Mme Najat Vallaud-Belkacem,ministre de l'éducation nationale, de l'enseignement supérieur et de la recherche. Monsieur Assouline, vous le savez, j'organise depuis le début de la semaine une grande mobilisation de l'école pour les valeurs de la République, ce qui me conduit à recevoir l'ensemble des acteurs de la communauté éducative : non seulement les représentants des organisations syndicales, des fédérations de parents d'élèves, des associations de lycéens ou d'étudiants, mais aussi ceux des associations de lutte contre le racisme et les discriminations, du secteur de l'éducation populaire et des collectivités territoriales.

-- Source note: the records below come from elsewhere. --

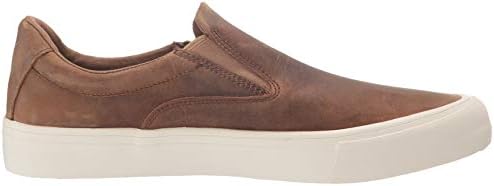 SEAVEES Mens Hawthorne Slip On Sur Sneaker, Elmwood, 9 US | Image 5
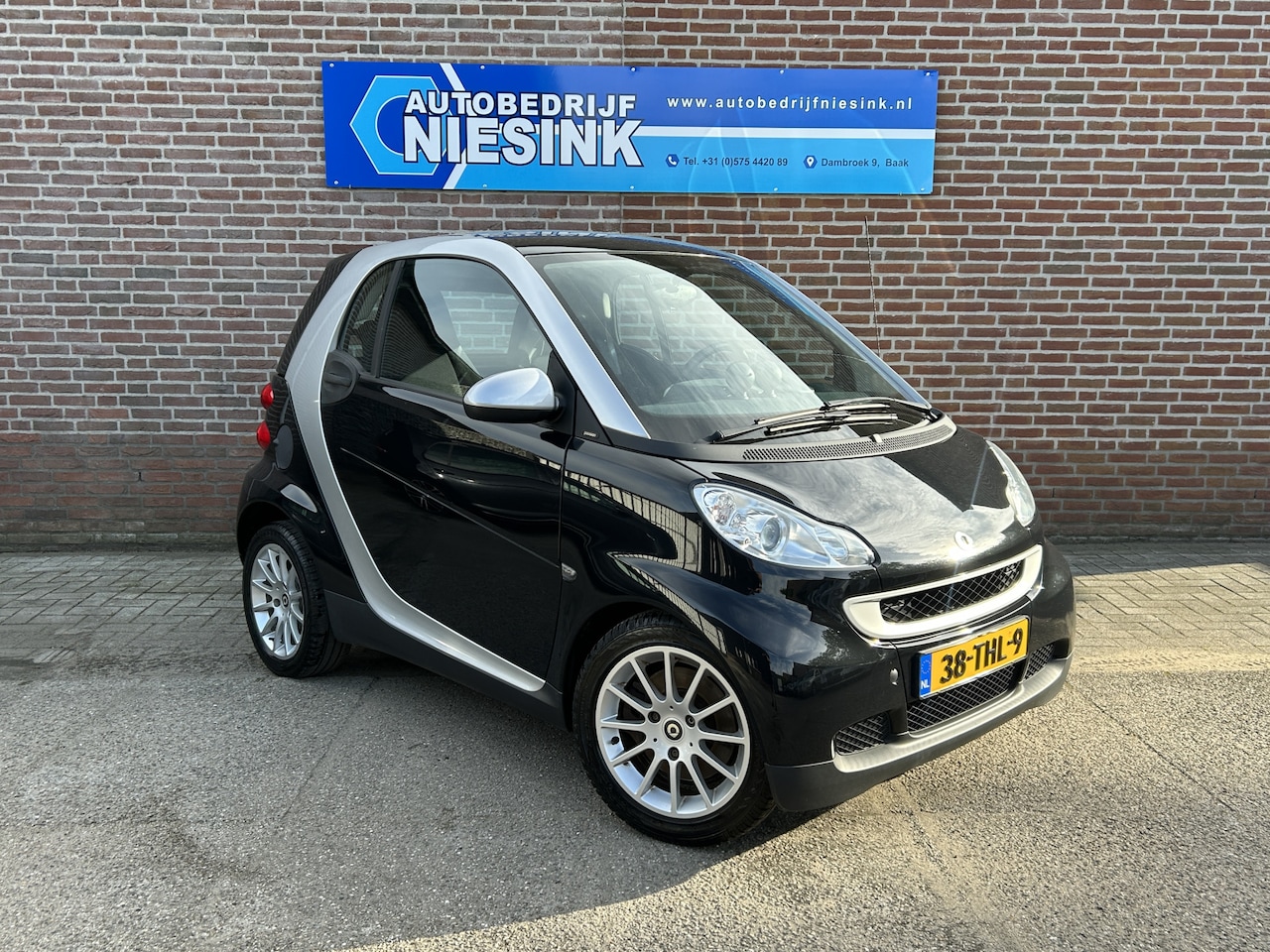 Smart Fortwo coupé - 1.0 mhd Passion 1.0 mhd Passion - AutoWereld.nl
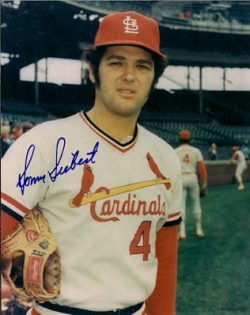 AUTOGRAPHED SONNY SIEBERT St. Louis Cardinals photo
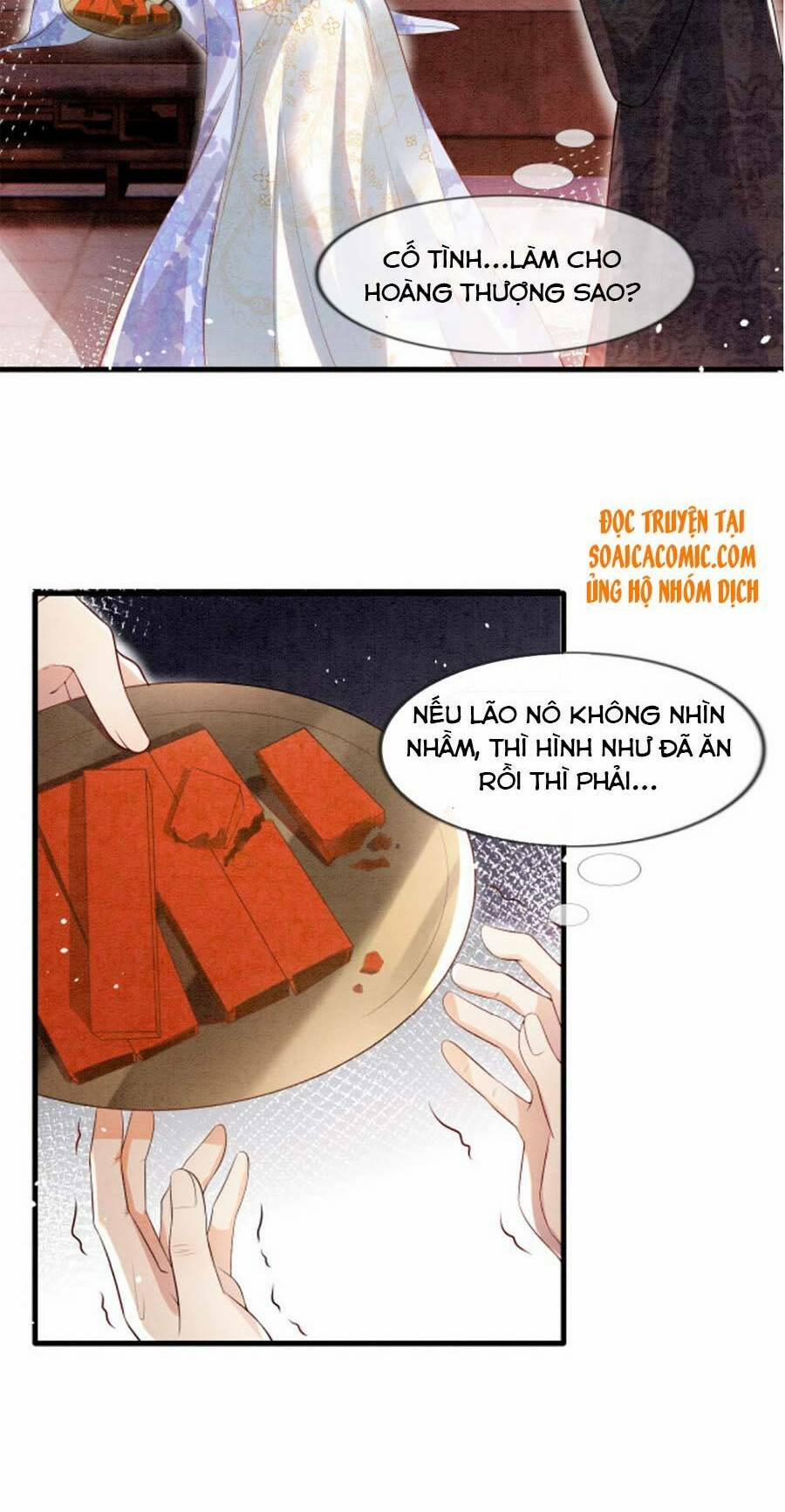 Bạch Nguyệt Quang Lạm Quyền Của Sủng Hậu 8 trang 12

Cela me permet de me faire l'écho, dans cet hémicycle, des observations formulées par les membres des associations de lutte contre le racisme et l'antisémitisme à la suite de leurs interventions en milieu scolaire. Nombre d'entre eux sont frappés par la persistance, la prégnance des préjugés des jeunes enfants à l'égard de l'autre. Or ces préjugés se transforment trop rapidement en antisémitisme ou en racisme.

Ces préjugés sont évidemment confortés par ce que l'on trouve sur internet : tout ce que vous avez dit à ce propos est juste, et je partage votre préoccupation.

Nous devons, au sein de l'école, permettre à ces enfants de développer leur esprit critique, leur liberté de jugement. Nous devons les aider à se mettre à distance de ce qu'ils peuvent lire, à faire le tri entre ce qui relève de la véritable information scientifique et ce qui relève de la rumeur. Pour cela, nous avons besoin d'enseignants formés- j'en ai parlé tout à l'heure -,mais aussi d'outils pédagogiques qui soient adaptés à la modernité, à la réalité des élèves. Je pense en particulier à des outils vidéo expliquant ce que sont l'antisémitisme, la laïcité, la liberté d'expression, toutes ces valeurs que l'on cherche à leur faire partager de façon trop théorique jusqu'à présent. Mon ministère va ainsi commander la production de plusieurs outils vidéo destinés à être utilisés systématiquement dans les classes au moment d'aborder ces sujets.

De manière plus générale, il y a une éducation aux médias à faire. Elle sera comprise dans l'enseignement moral et civique d'une heure par semaine que j'ai évoqué précédemment et qui sera dispensé à partir de la rentrée prochaine. Il s'agit d'une véritable innovation.

Il y a aussi une éducation artistique et culturelle à faire. Elle est prévue par la loi pour la refondation de l'école de la République. Ma collègue chargée de la culture et moi-même ferons très rapidement des annonces sur ce sujet.(Applaudissements sur les travées du groupe socialiste.)